OpenNMS can generate events when it detects outages and their resolutions, as well as availability reports on the entire network or specific subgroups of services.
In addition to service polling, OpenNMS can collect SNMP data from network devices running SNMP agents. It stores the data using RRDTool or JRobin and can display it as reports in the web-based user interface (webUI). There are configurable thresholds (such as disk space and CPU utilization) to generate events when the thresholds are met.
One important aspect of data collection on the scale of an enterprise is the need to automate as much of it as possible. It is very difficult to configure data collection on 20,000 devices manually.
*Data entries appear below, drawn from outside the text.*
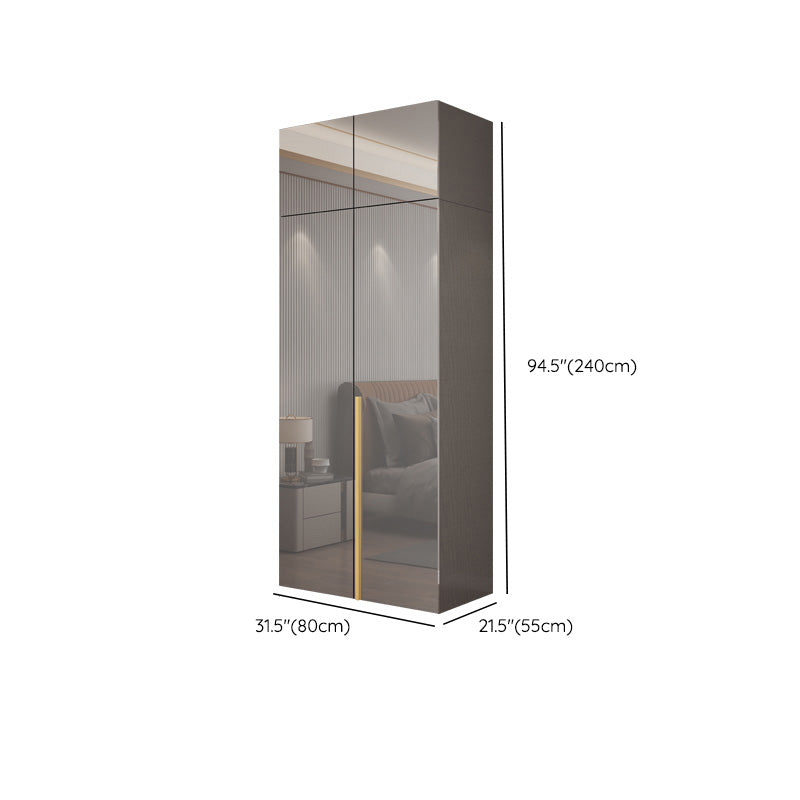 Bedroom Modern Storage Armoire Wooden Wardrobe Cabinet with Garment Rod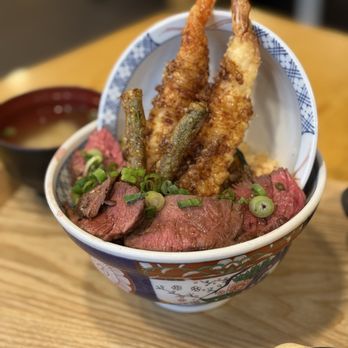 Tendon Kohaku - Beef Steak Aimori Tendon Set (IG: @eatwithbaobae) - Japanese Near Me - Bellevue, Washington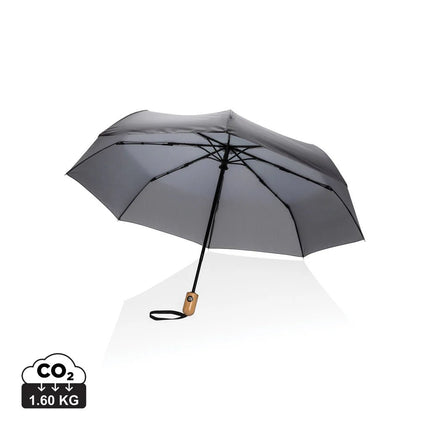 21" Impact AWARE™ RPET 190T bamboo auto open/close umbrella - hospitality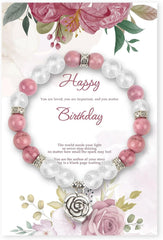 Birthday Bracelets Beaded Bracelet Pink Bracelet Gifts Jewelry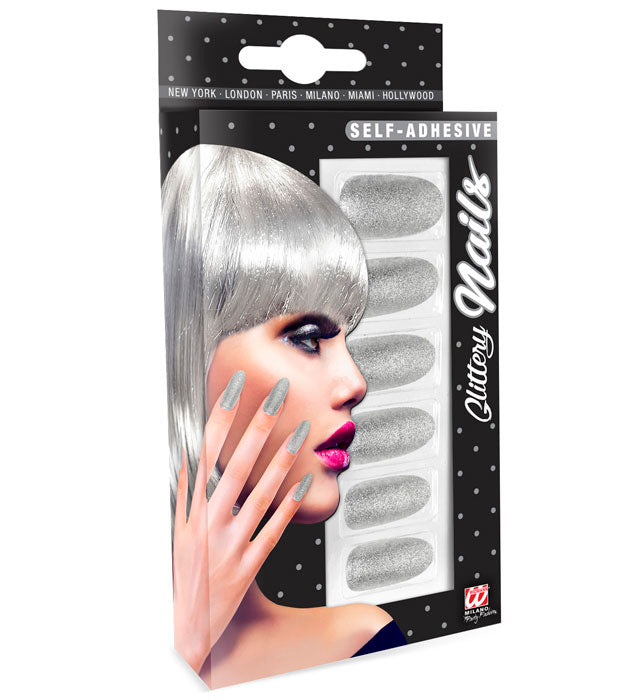 Set Of 12 Self-Adhesive Iridescent Silver Y Nails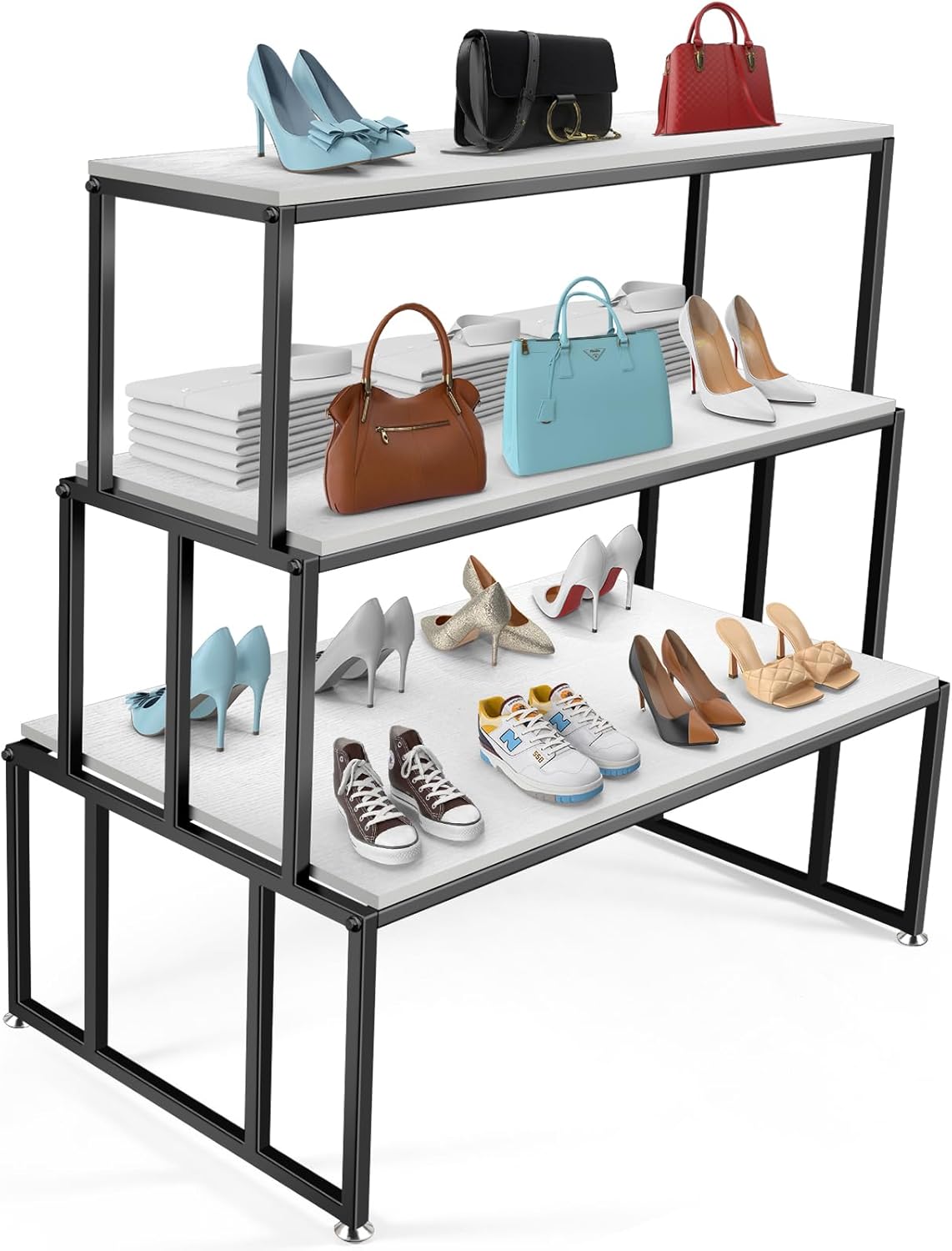 Mesa de exhibición 3 niveles con soporte elevador para zapatos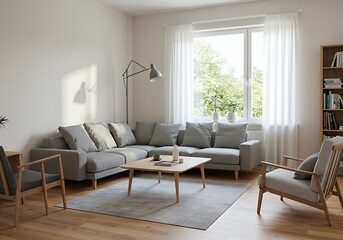 A bright living room with a gray sectional sofa and wooden furniture near a large window with curtains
OpenNMS has the concept of a "system," defined by a particular System Object ID (systemOID), which matches devices with the data to collect from them. Thus, when OpenNMS discovers a Cisco router or a Windows server, it automatically begins data collection without operator intervention.
Currently, OpenNMS can collect more than 200,000 data points from 22,000 devices once every 5 minutes--a rate of approximately 2.4 million data points per hour. This limit is due to the speed at which it can write the data to disk; the collection itself takes under 2 minutes.
The last main functional area is event management and notifications. OpenNMS generates events corresponding to outage detection and exceeded thresholds, et cetera. In addition, it can receive and display external events such as SNMP traps. There are also numerous other ways of getting events into OpenNMS. An included perl script, send-event.pl, gives even novices an easy way to start using OpenNMS as their main event manager.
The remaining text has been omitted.